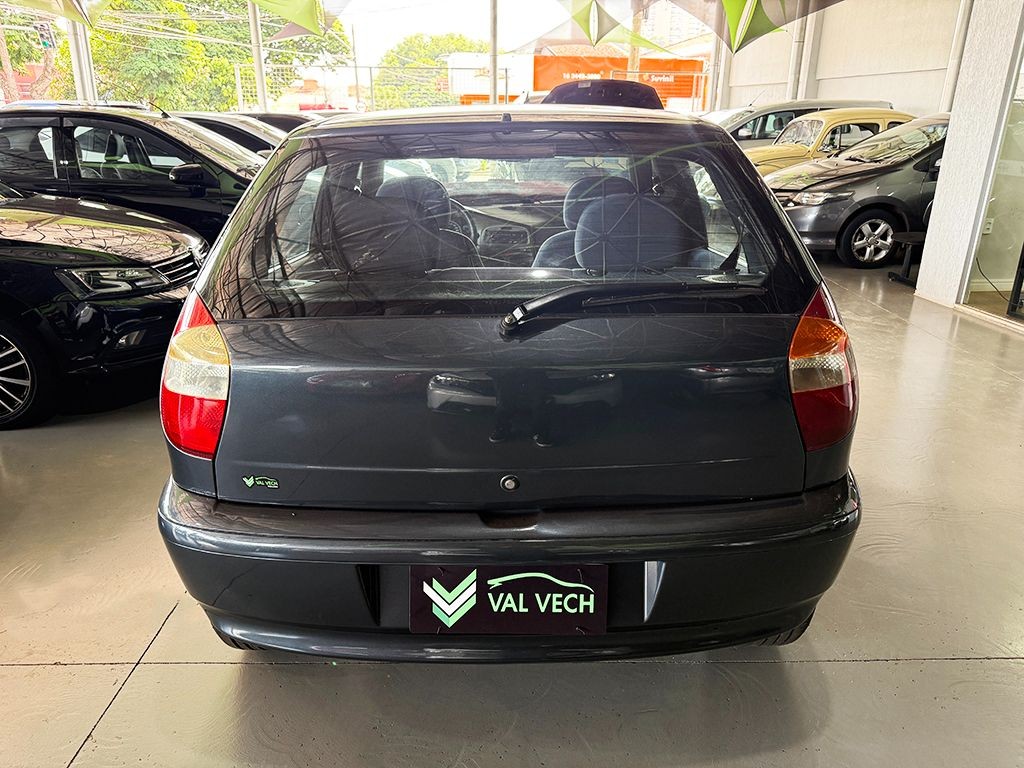 FIAT PALIO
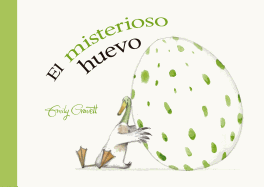 Misterioso Huevo, El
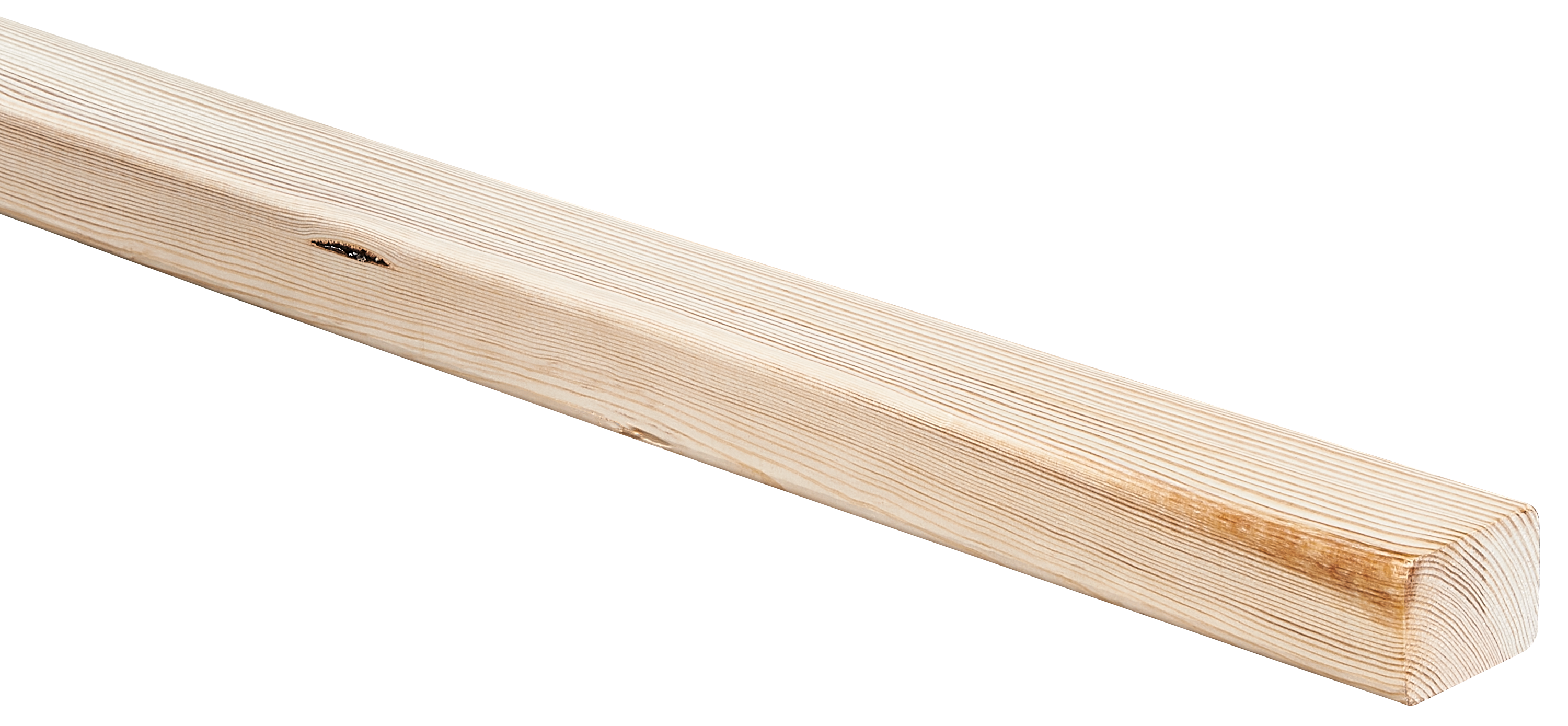 Kantówka strugana sosnowa surowa 40x60x2000 mm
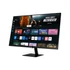 SAMSUNG 32 LS32DM702UUXDU UHD VA 16:9 4msGTG monitor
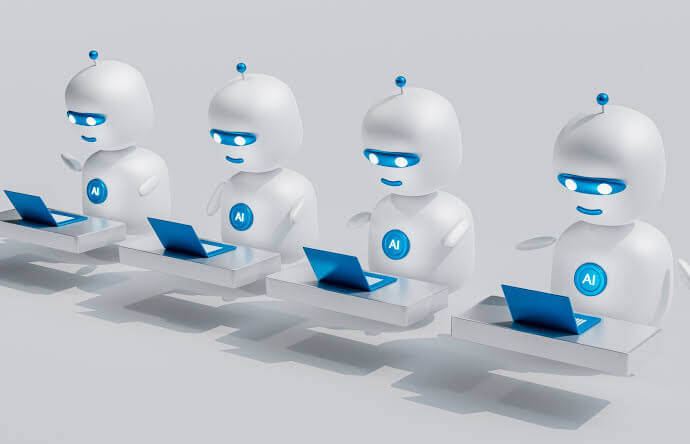 Bot là gì và cách thức hoạt động của các loại bot phổ biến hiện nay 3 Phân loại các nhóm bot hữu ích phổ biến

WHAT YOU NEED TO DO: Give back, word for word, the lines from the one containing "Misterioso Huevo, El" through the last line of the listing above; include both ends and exclude the pictures.

SOLUTION TO THIS PROBLEM:
 Misterioso Huevo, El
 Kantówka strugana sosnowa surowa 40x60x2000 mm
 SAMSUNG 32 LS32DM702UUXDU UHD VA 16:9 4msGTG monitor
 Bot là gì và cách thức hoạt động của các loại bot phổ biến hiện nay 3 Phân loại các nhóm bot hữu ích phổ biến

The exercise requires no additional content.